PROBLEM STATEMENT
Please, from the entries below, transcribe exactly the lines that begin at the line with "Curvy Peachy Sunset Glow Blouse" and end at the line with "Mustard Grey Curved Hem Pocket Top", without the pictures.

SOURCE DATA
--- START ---
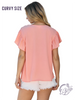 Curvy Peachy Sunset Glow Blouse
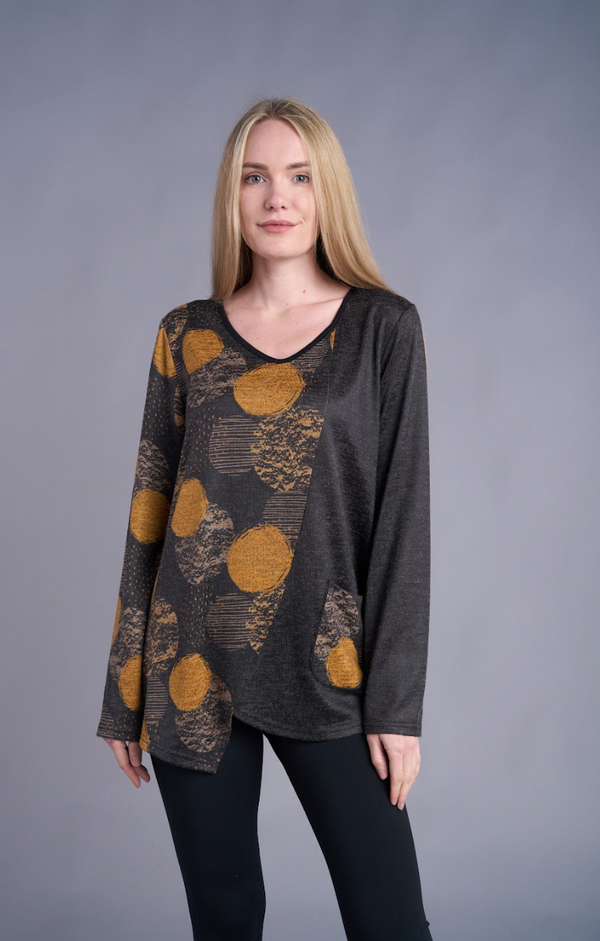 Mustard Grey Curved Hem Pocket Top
--- END ---
--- START ---
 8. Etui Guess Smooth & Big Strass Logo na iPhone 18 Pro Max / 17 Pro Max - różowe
--- END ---
--- START ---
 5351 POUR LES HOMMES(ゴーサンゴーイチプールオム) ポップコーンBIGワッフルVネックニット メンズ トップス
--- END ---
ANSWER AREA
 Curvy Peachy Sunset Glow Blouse
 Mustard Grey Curved Hem Pocket Top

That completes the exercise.